True, the figure is well within the range of modern historical experience: The peak in October 1982 was near eleven percent (though with a more honest count of the unemployed). 

But if you believe that we are in an historic crisis, then the conventional methods of forecasting--playing the averages from the postwar statistical record--are inappropriate. Honest, but inappropriate.

For my part, when I compare this situation to 1929, I'm not making a rhetorical point, or exaggerating for flair. It's what I think. It's
what the specialists I talk to think.  And have thought, since at least early last summer, long before the crisis took over the campaign.

What is happening here, is the application of routine post-war econometric modeling and budget procedures to the present situation.

If we are in a crisis, and out-of-the-postwar range, then the routine methods are going to be radically wrong.  Not just off by 0.3 percent. Off by a great deal, and for much longer.

This, in turn, tracks closely with what my colleague John Judis wrote this week.

To sum up, the big question here isn't really about what the stimulus package will do.* As best as I can tell--and I'm sure I'll hear quickly if I'm wrong--the Obama team, Krugman, and Galbraith all think it will have roughly the same effects.

The question is whether the package is sufficient to address the present crisis. Krugman and Galbraith clearly think it isn't

Oh, one final note. The introduction contains this intriguing passage:

Our analysis will surely evolve as we and other economists work further on this topic. The results will also change as the actual package parameters are determined in cooperation with the Congress. Nevertheless, this report suggests a methodology for ensuring that the package contains enough stimulus that we can have confidence that it will create sufficient jobs to meet the President-Elect’s goals.

I may be insufficiently sophisticated in the ways of telegraphing political intentions, but that certainly suggests to me that Obama and his advisers are not closing the door on adding yet more government spending--either in this package or later on, as part of a separate legislative initiative.

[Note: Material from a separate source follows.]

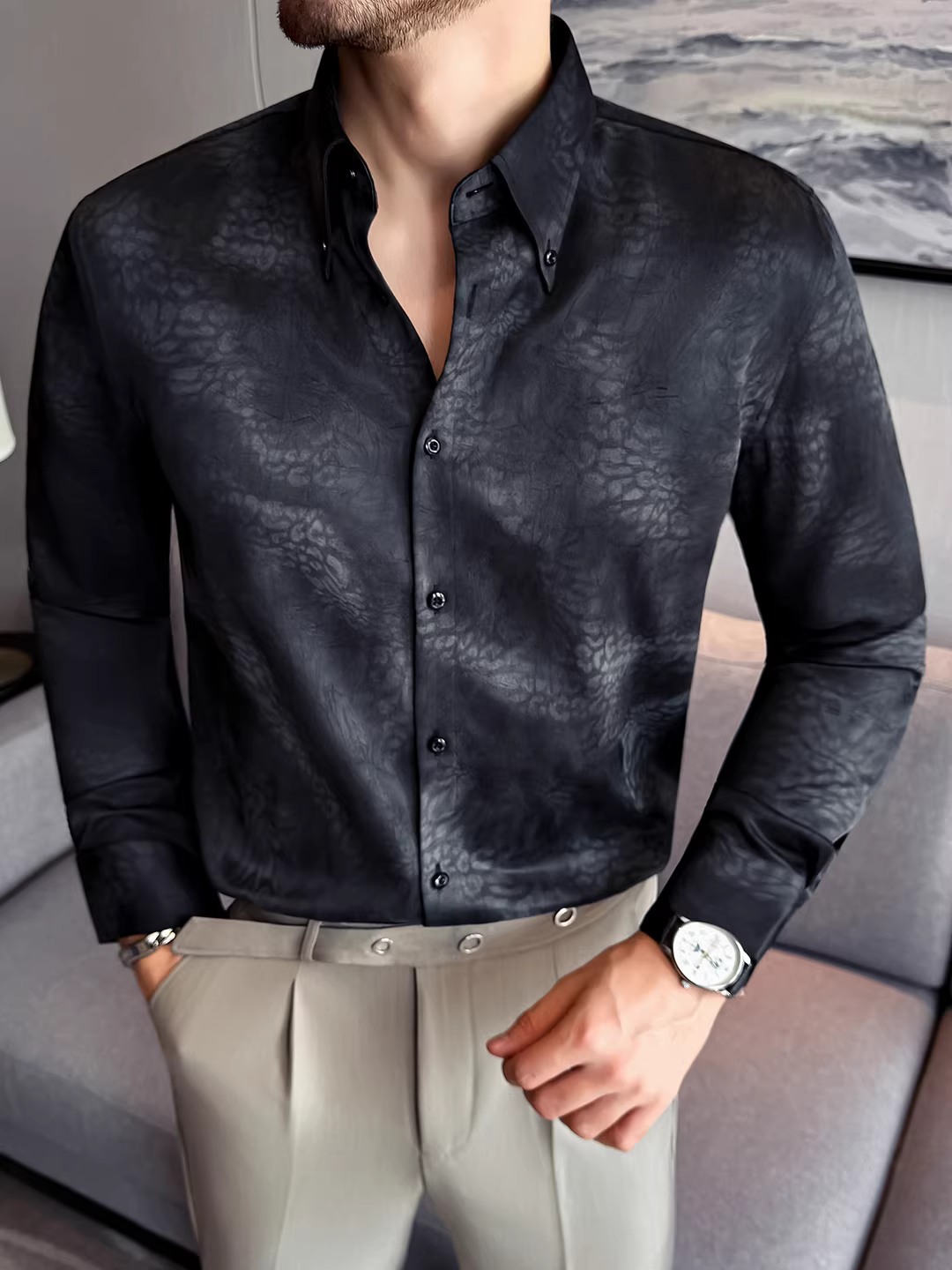 Áo sơ mi dài tay bằng vải satin có cổ nhọn kiểu Pháp dành cho nam, áo sơ mi thường ngày hơi rộng in màu chuyển sắc thời trang cao cấp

Keep in mind that, in a Washington Post op-ed last month, Lawrence Summers, who will be the administration's top economic adviser, wrote that "in this crisis, doing too little poses a greater threat than doing too much." We'll see if that mentality pushes the final stimulus levels even higher, one way or another.

--Jonathan Cohn 

*To be clear, there's broad agreement among liberal economists that, overall, spending increases have more impact than tax cuts. Conservatives tend to express different views. Here, for example, is Harvard's Greg Mankiw--whose work and opinion I respect--suggesting tax cuts give more bang for the buck than public spending, contrary to conventional wisdom on the left.